BEGIN Exercise material

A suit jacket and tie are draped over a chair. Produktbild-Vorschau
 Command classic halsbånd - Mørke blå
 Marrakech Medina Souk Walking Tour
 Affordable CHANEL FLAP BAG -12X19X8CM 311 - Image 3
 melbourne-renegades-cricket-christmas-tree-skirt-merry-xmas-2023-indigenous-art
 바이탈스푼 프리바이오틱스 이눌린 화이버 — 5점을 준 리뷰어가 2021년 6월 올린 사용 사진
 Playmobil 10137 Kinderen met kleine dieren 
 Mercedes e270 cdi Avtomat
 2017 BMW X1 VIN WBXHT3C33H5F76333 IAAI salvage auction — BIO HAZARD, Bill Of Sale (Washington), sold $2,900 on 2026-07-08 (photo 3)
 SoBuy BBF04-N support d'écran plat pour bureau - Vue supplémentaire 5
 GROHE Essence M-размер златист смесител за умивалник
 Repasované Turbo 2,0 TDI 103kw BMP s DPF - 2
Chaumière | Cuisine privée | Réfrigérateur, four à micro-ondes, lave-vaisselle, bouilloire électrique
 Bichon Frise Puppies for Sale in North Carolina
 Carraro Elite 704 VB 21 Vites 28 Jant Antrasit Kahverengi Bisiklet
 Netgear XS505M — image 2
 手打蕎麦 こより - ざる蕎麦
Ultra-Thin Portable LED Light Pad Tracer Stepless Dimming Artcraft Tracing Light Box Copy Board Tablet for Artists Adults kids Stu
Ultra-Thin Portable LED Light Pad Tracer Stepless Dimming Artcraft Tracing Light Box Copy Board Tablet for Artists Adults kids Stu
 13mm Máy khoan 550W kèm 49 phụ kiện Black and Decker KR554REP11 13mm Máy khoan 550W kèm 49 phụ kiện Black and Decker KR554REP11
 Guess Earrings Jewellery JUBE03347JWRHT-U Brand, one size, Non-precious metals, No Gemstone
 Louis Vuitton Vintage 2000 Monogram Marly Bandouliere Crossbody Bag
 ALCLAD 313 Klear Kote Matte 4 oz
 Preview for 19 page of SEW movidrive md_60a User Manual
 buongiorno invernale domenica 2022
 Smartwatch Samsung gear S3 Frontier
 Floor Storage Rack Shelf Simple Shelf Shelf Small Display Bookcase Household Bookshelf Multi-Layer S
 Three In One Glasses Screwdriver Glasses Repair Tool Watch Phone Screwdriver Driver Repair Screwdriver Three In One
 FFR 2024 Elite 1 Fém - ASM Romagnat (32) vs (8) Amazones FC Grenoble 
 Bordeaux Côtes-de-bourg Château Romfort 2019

END Exercise material

Make an exact copy of the records.

A suit jacket and tie are draped over a chair. Produktbild-Vorschau
 Command classic halsbånd - Mørke blå
 Marrakech Medina Souk Walking Tour
 Affordable CHANEL FLAP BAG -12X19X8CM 311 - Image 3
 melbourne-renegades-cricket-christmas-tree-skirt-merry-xmas-2023-indigenous-art
 바이탈스푼 프리바이오틱스 이눌린 화이버 — 5점을 준 리뷰어가 2021년 6월 올린 사용 사진
 Playmobil 10137 Kinderen met kleine dieren 
 Mercedes e270 cdi Avtomat
 2017 BMW X1 VIN WBXHT3C33H5F76333 IAAI salvage auction — BIO HAZARD, Bill Of Sale (Washington), sold $2,900 on 2026-07-08 (photo 3)
 SoBuy BBF04-N support d'écran plat pour bureau - Vue supplémentaire 5
 GROHE Essence M-размер златист смесител за умивалник
 Repasované Turbo 2,0 TDI 103kw BMP s DPF - 2
Chaumière | Cuisine privée | Réfrigérateur, four à micro-ondes, lave-vaisselle, bouilloire électrique
 Bichon Frise Puppies for Sale in North Carolina
 Carraro Elite 704 VB 21 Vites 28 Jant Antrasit Kahverengi Bisiklet
 Netgear XS505M — image 2
 手打蕎麦 こより - ざる蕎麦
Ultra-Thin Portable LED Light Pad Tracer Stepless Dimming Artcraft Tracing Light Box Copy Board Tablet for Artists Adults kids Stu
Ultra-Thin Portable LED Light Pad Tracer Stepless Dimming Artcraft Tracing Light Box Copy Board Tablet for Artists Adults kids Stu
 13mm Máy khoan 550W kèm 49 phụ kiện Black and Decker KR554REP11 13mm Máy khoan 550W kèm 49 phụ kiện Black and Decker KR554REP11
 Guess Earrings Jewellery JUBE03347JWRHT-U Brand, one size, Non-precious metals, No Gemstone
 Louis Vuitton Vintage 2000 Monogram Marly Bandouliere Crossbody Bag
 ALCLAD 313 Klear Kote Matte 4 oz
 Preview for 19 page of SEW movidrive md_60a User Manual
 buongiorno invernale domenica 2022
 Smartwatch Samsung gear S3 Frontier
 Floor Storage Rack Shelf Simple Shelf Shelf Small Display Bookcase Household Bookshelf Multi-Layer S
 Three In One Glasses Screwdriver Glasses Repair Tool Watch Phone Screwdriver Driver Repair Screwdriver Three In One
 FFR 2024 Elite 1 Fém - ASM Romagnat (32) vs (8) Amazones FC Grenoble 
 Bordeaux Côtes-de-bourg Château Romfort 2019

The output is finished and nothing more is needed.